Pengungsi gempa takut pulang ke rumahnya karena takut gempa susulan. Sementara gempa Lombok susulan kembali terasa sejak Senin hingga Rabu (8/8/2018). Hari ini saja gempa Lombok kembali terasa dengan kekuatan sekitar 4.5 Skala Richter (SR).
Rasa trauma warga tak dapat disembunyikan dari raut wajah mereka yang lebih baik mengungsi di sebuah lahan kosong dengan tenda -tenda darurat seadaanya yang dibuat oleh warga dengan menggunakan terpal sebagai atap untuk mereka beristirahat.

"Kami masih trauma. Nggak mau pulang ke rumah. Ya, rumah juga sudah hancur roboh semua," kata Desi Asri (45) warga Desa Tanjung, Kabupaten Lombok Utara, NTB, Rabu (8/8/2018).
Menurut Desi, warga lebih memilih untuk tinggal sementara waktu di pengungsian. Dari pada pulang ke rumah masing-masing yang memang sebagian sudah tak dapat ditinggali kembali.
"Nggak berani masih. Kami lebih baik istirahat di sini dengan bantuan dari pemeritah juga walaupun belum semuanya," ujar Desi.

Hal sama diungkapkan pengungsi lain, Ahmad Sadori (37) menyebut tak akan meninggalkan lokasi pengungisan lantaran menurutnya masih belum aman.
"Masih mau disini (pengungsian). Kami belum mau pulang. Apalagi masih ada gempa lagi kan," ujar Ahmad.
Ahmad menjelaskan masih bertahan di tempat posko pengungsian agar keluarganya tetap aman dan terhindar dari yang tak diinginkan.
"Iya di sini untuk menghindari.
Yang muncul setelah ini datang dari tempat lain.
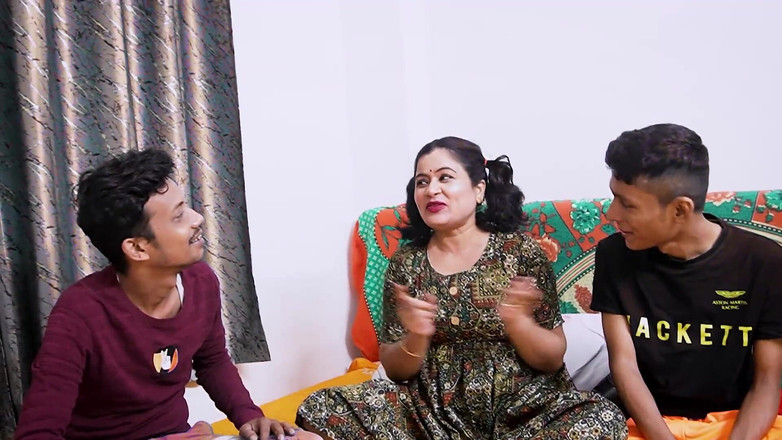 Xtramood: सौतेली बहन अपने दो सौतेले भाई के साथ मजा ले रही है और जोरदार चुदाई कर रही है, तीन लोगों की चुदाई हार्डकोर सेक्स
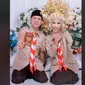 Pasangan pengantin mengenakan seragam Pramuka saat pernikahan  (Dok.TikTok/@https://www.tiktok.com/@putriaryautami08/video/7024095909965270298?is_copy_url=1&is_from_webapp=v1&q=%40putriaryautami08&t=1635852337653/Komarudin)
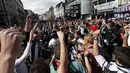 Sejumlah suporter Juventus meneriakkan slogan dukungan untuk tim kesayanganya di Cardiff (03/06/2017). Kedua suporter terlihat rukun jelang pertandingan final liga Champions. (AFP/Adrian Dennis)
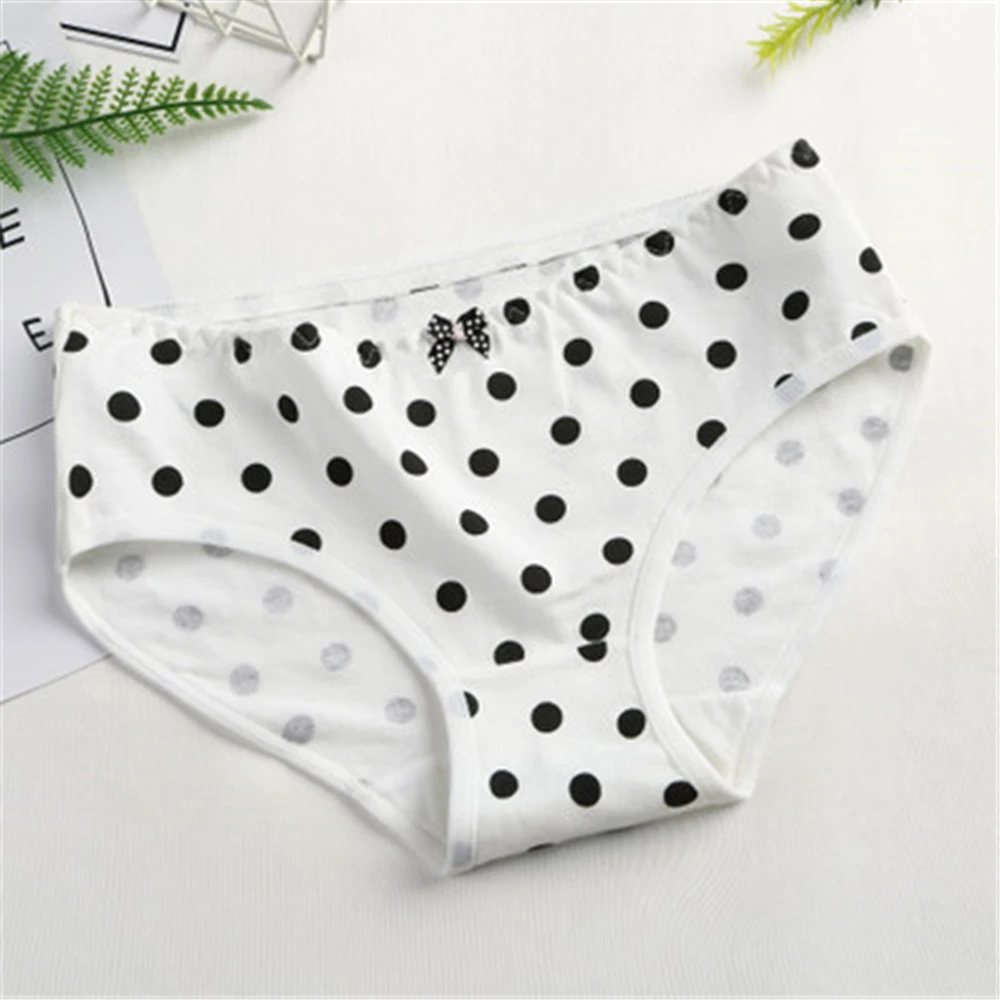 Ladies underwear cotton waist size girl briefs student cotton fabric black and white department T666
Kasian anak istri saya kalau ada tiba-tiba (gempa) kami pulang. Masih aman disini," ujar Ahmad
Pantauan Suara.com, sejumlah warga masih banyak mengungsi dengan disediakan dapur umum dan kamar mandi yang disediakan oleh anggota tim evakuasi gabungan TNI dan Polri. Hingga kini setidaknya, korban gempa lombok sudah mencapai 105 orang meninggal dunia.